My reading slowed to a crawl during our recent European trip, but I did manage to finish a couple of books – each has been a struggle, collections of evidence portending to exciting conclusions. I dutifully struggled through them. Each was intriguing.
Today: The Titanic Conspiracy: Cover-ups and Mysteries of the World’s Most Famous Sea Disaster, by Robin Gardiner and Dan Van Der Vat (1995).
Later down the road: The Thirteenth Tribe, by Arthur Koestler (1976)
The Titanic: The famous movie starring Leonardo and Kate did not come out until 1998, and of course, in true Hollywood fashion, told us nothing. Worse, all of the scenes involving water in that movie lead to my unwillingness to suspend disbelief: The water temperature that night was 28 degrees Fahrenheit (salt water freezes at a much colder temperature than regular water), and so offered only a few minutes of consciousness to those who went into it.
The authors, Gardiner and Van Der Vat, here take us through a tedious summary of eyewitness testimony and the hearings that were held by the US Senate and British Court of Inquiry, all necessary.
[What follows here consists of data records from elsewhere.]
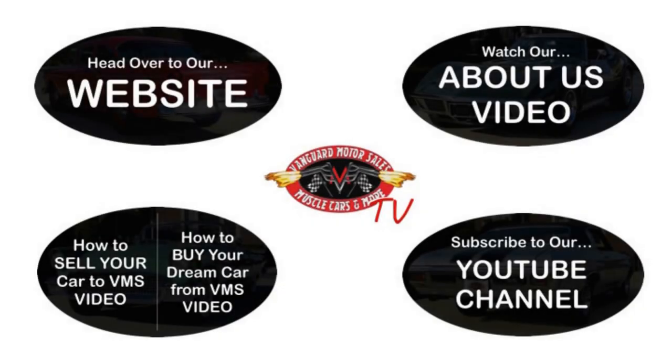We've made it really easy for you — click on any one of these five pictures and it'll take you right to whatever you're interested in. We'll give you about 30 seconds to click these pictures. If you need more time, just go back in the video and click that picture.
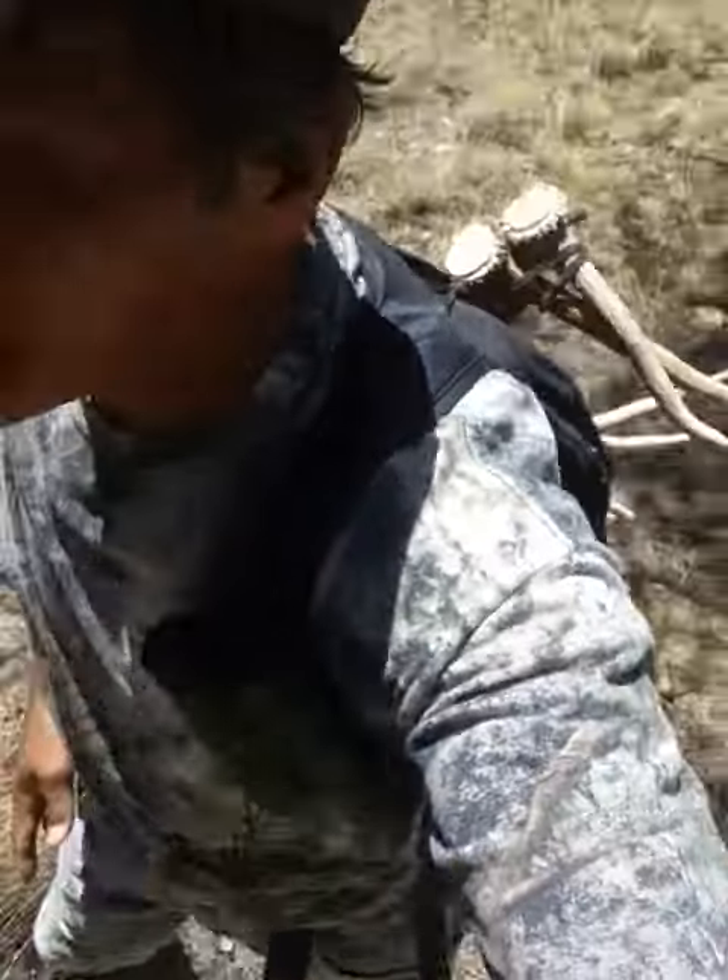Hello fellow shed hunters. Welcome to the Mescalero Apache Reservation, New Mexico. I've been shed hunting for about maybe an hour, hour and a half. I have found two small ones on my back and I'm in a good area, but it's probably been walked through several times, probably by more than one or two people.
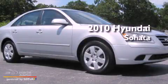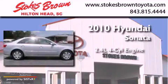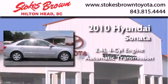This is a 2010 Hyundai Sonata. It features a 2.4-liter four-cylinder engine and an automatic transmission.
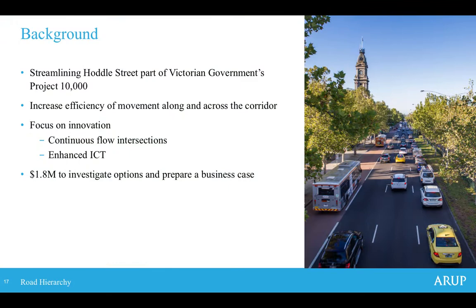The topic we'll talk through today, the case study in particular, is the Streamlining Hoddle Street project. That's a project I worked on for around about three years from 2015 to 2018, and it was really involved in the business case development for this particular project. A little bit of background: Hoddle Street is a popular part of Melbourne and a route that a lot of people commonly traverse in their journeys throughout a week.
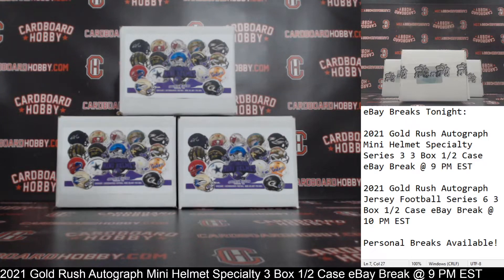This is Dana Cardboard Hobby. We are cracking 2021 Gold Rush Autographed Mini Helmet Specialty Edition Series 3, three-box, half-a-case eBay break, August 26, 2021. I'm going to read off eBay usernames with team names.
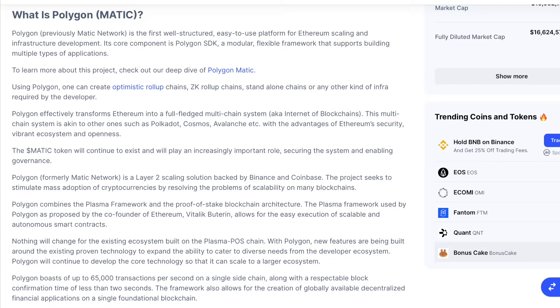Nothing will change for the existing ecosystem built on the Plasma POS chain. With Polygon, new features are being built around the existing proven technology to expand the ability to cater to diverse needs from the developer ecosystem. Polygon will continue to develop the core technology so that it can scale to a larger ecosystem. Polygon boasts up to 65,000 transactions per second on a single sidechain, along with a block confirmation time of less than 2 seconds.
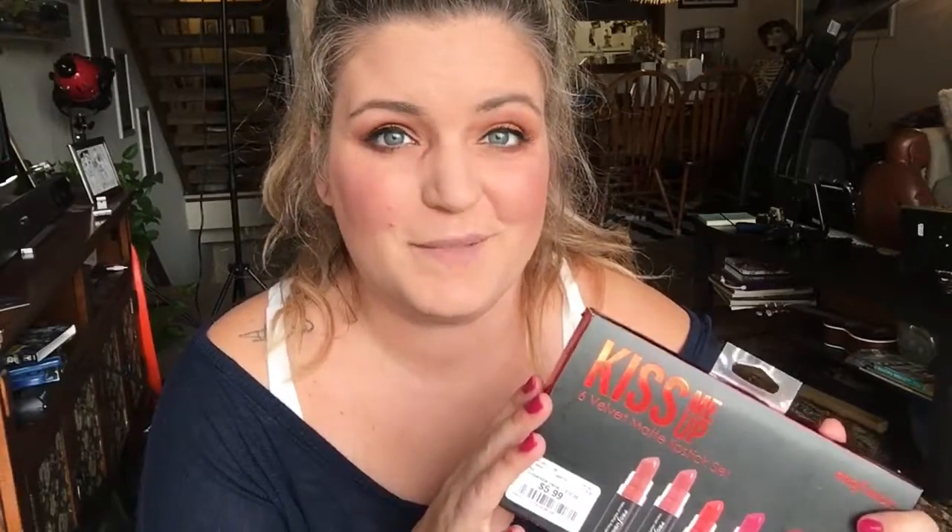I am a sucker for matte lipsticks. The only thing that made me a little hesitant to get this is that they're velvet matte, and I have had horrible experience with the NYX velvet matte lipsticks — it's like drawing on your face with a crayon. The colors are amazing but the formula, but I thought for six bucks and six lipsticks, I'd go ahead and take the chance, and I'm so glad I did.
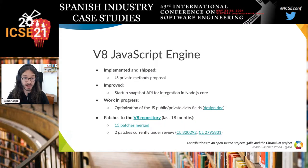For the JavaScript engine V8, our compilers team implemented and shipped the JavaScript private methods proposal and improved the startup snapshot API to integrate better with Node.js. We are currently working on optimizing JavaScript public and private class fields, with a design doc available to check out. During this period, we provided 15 patches to the V8 repository, with two more currently under review.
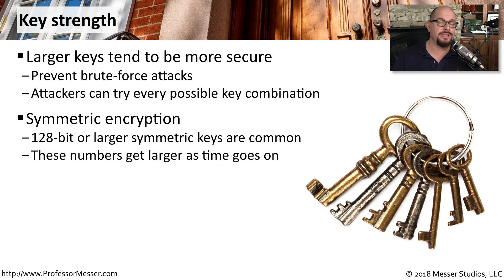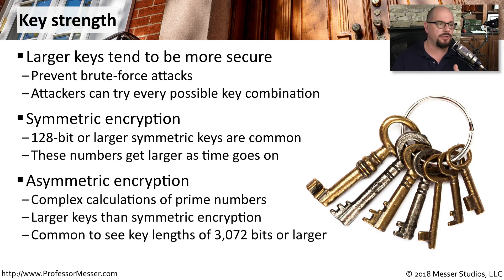For symmetric encryption, it's common to see 128-bit keys, but we're going to see larger and larger symmetric keys as it becomes easier to do brute force attacks. Asymmetric encryption, though, uses very complex calculations of very large prime numbers, which means that the keys involved with asymmetric encryption are going to be quite a bit larger. It's common to see asymmetric keys that are 3,072 bits or even larger to prevent any brute force attacks.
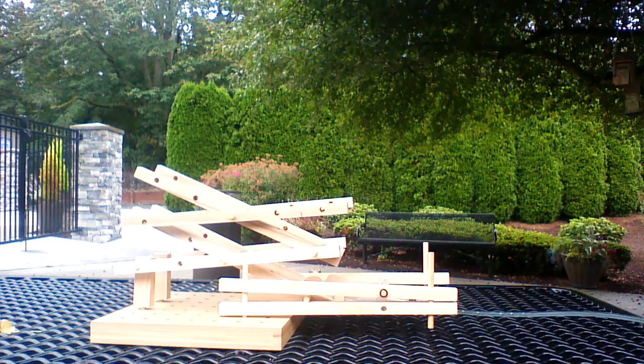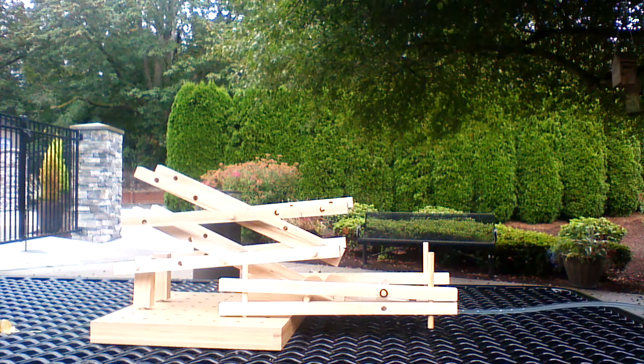Hey, I'm Myles, and I'm Matt. We just built a scissor lift today, and this is how it works.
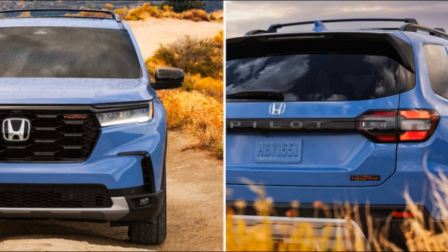Honda had promised it would expand its Trailsport off-road treatment beyond the midsize Passport to the rest of its truck and SUV lineup, and here we are. The larger three-row Pilot is set to gain a Trailsport variant, and Honda is dangling its rugged new family hauler in front of us — well, sort of.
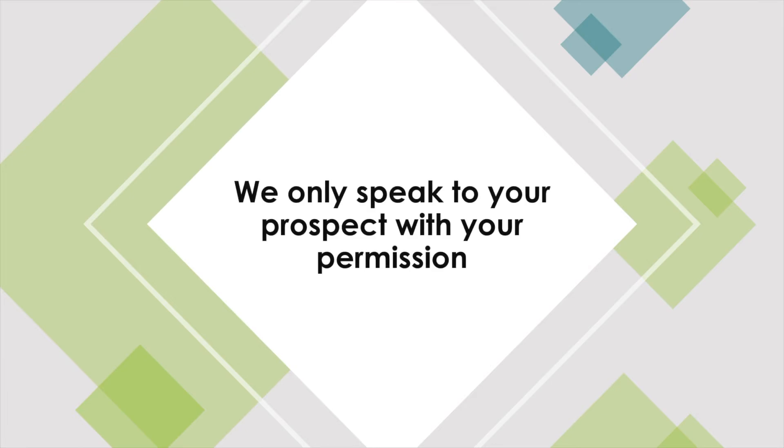We only speak to your prospect with your permission. As and when you are ready, we are more than happy to speak to your prospect if required. We are gentle and respectful with these conversations. We will always start with: we understand that you may be looking to buy some equipment and one of the options you are looking at is finance. Often these conversations will take place prior to you winning the order, as understandably your prospect wants to know if they have a finance facility in place before placing an order.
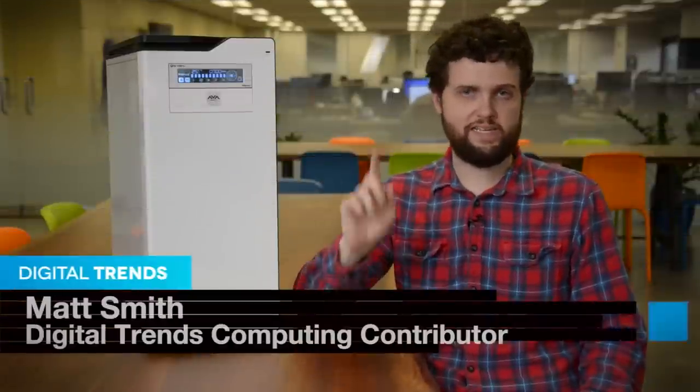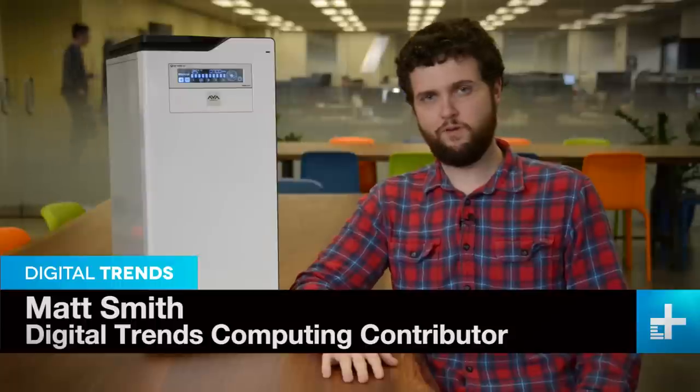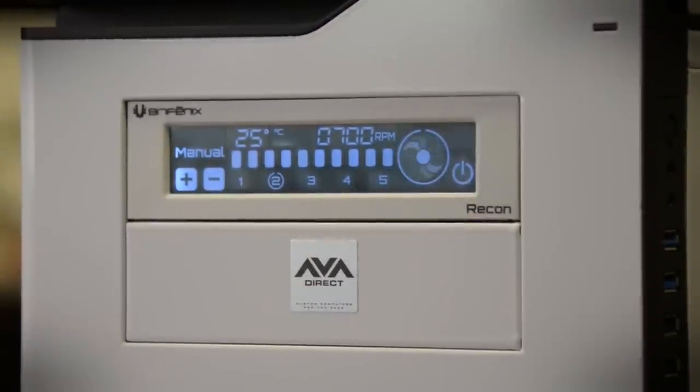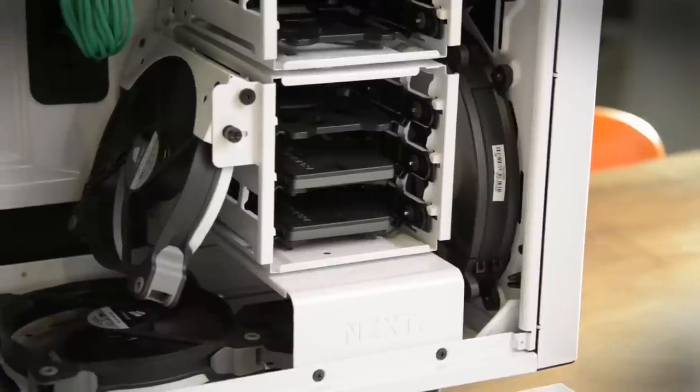Are you looking for a gaming computer that isn't going to bust your eardrums? This quiet gaming rig from AVA Direct may be just what you need. This is the quietest gaming desktop we've ever tested, as they emitted about 41 decibels at idle and just one decibel more at load.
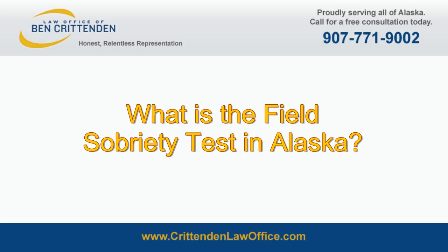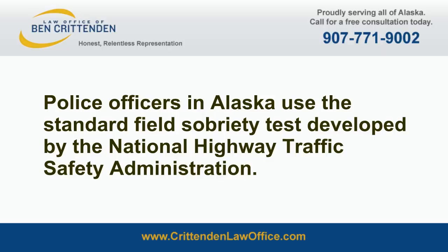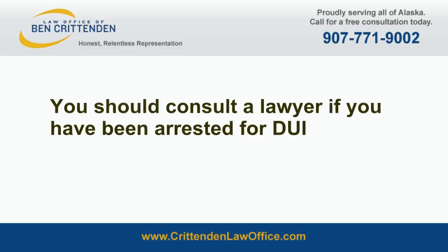What is the field sobriety test in Alaska? Police officers in Alaska use the standard field sobriety test developed by the National Highway Traffic Safety Administration. The standard test consists of three parts: the one-leg stand, the horizontal gaze nystagmus test, and the walk and turn test. When properly administered, these tests are fairly accurate in assisting in determining whether a DUI arrest is warranted.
They are thorough.
Then they jump ship on us. They lead us with a string of confusing clues that point towards something far more sinister than a massive naval clusterf***. They refuse to follow the evidence because it might lead towards a conspiracy theory. They instead take the trampled path of moral cowardice, concluding that everything went down just as official history says.
A far more enticing scenario, not even far-fetched given what we know of public hoaxes these days: Insurance fraud. JP Morgan, the true owner of the Titanic, had another ship, [a virtual twin named] the Olympic, that had struggled at sea, endured two costly accidents, and cost him a fortune. Damages to the ship appear to have been repairable, but that is not really clear from scant evidence. Morgan was mostly self-insured on that vessel, but fought his way through the British legal system seeking compensation for one incident involving a British navy ship. He lost at every level.
Morgan was in Florence at the time of the disaster. He was scheduled to take the maiden voyage, but backed off claiming ill health. Instead, he was shacked up with a mistress. He also held back some valuable works of art that were scheduled to be shipped aboard Titanic to New York City.
The authors detail how easy it would have been to switch vessels, as it all works out timing-wise. There was very little aboard either ship that directly identified it, and the scant evidence recovered from the deep does little to reassure us – that is, even though two items of hardware can be tied to Titanic, they could have been easily switched as both ships were in dry dock prior to the disaster.
There appears to have been a rescue ship in the area, the Californian, but it sat in the water as the Titanic went down. Was it supposed to be on hand after a deliberate collision with an iceberg? Controversy swills about Californian’s location that night, from eleven to fifty miles away.
Also, there was a fire in one of the [coal] bunkers, allowed to burn even as the ship was in Southampton in the week prior to its voyage and throughout the journey. It was even going on during boat drills to test seaworthiness. Such a fire would not sink the vessel, but would weaken the steel – allowing it to go without remedy seems insane.
I don’t know what is true, of course, but the point is that we need more and better research than these two authors could muster. They got scared off by the old CIA bugaboo from the 1960s, that speculation on anything outside official truth leads to a “conspiracy theory,” and they are just too sane and stable to go that route.
But there is a catch 22: Had they gone that route, given Intelligence control of the publishing industry, the book would never had seen light of day. Self-publishing in 1995, unlike today, was a vanity affair. Maybe the authors came face to face with the censors, and engaged in the noble art of smuggling truth.
Here’s a titillating detail they included but did not investigate:
“The rest of the day [Monday, April 15, 1912] yielded twenty-seven bodies, including one identified as Colonel J.J. Astor, whose initials were on the collar of its shirt. Mysteriously, there was also a handkerchief with the initials “A.V.” as well as $2,440 and £250 in notes plus several gold items (belt buckle, watch, pencil, cufflinks and diamond ring). His estate exceeded $100 million. Many of the bodies had two or more layers of clothing; Astor had a blue serge suit and brown boots with his brown flannel shirt. How strange that Astor, unquestionably on the ship after the last boat left, should turn up dead near a lifeboat. He undoubtedly died in the disaster, but was the body really his?” (pp 163-4)
In fact, Astor’s final minutes of life read like a bad novel – he steps forward and asks to be included on a life boat only 2/3 full, but is denied the request. He stoically accepts the verdict on his life by the lowly Second Officer, Charles Lightoller, and goes to his quarters to release his dog to enjoy a few moments of freedom before they both perish.
I don’t know, that just reads like fiction, you know. What do they call it? Oh yeah … it sounds like bullshit.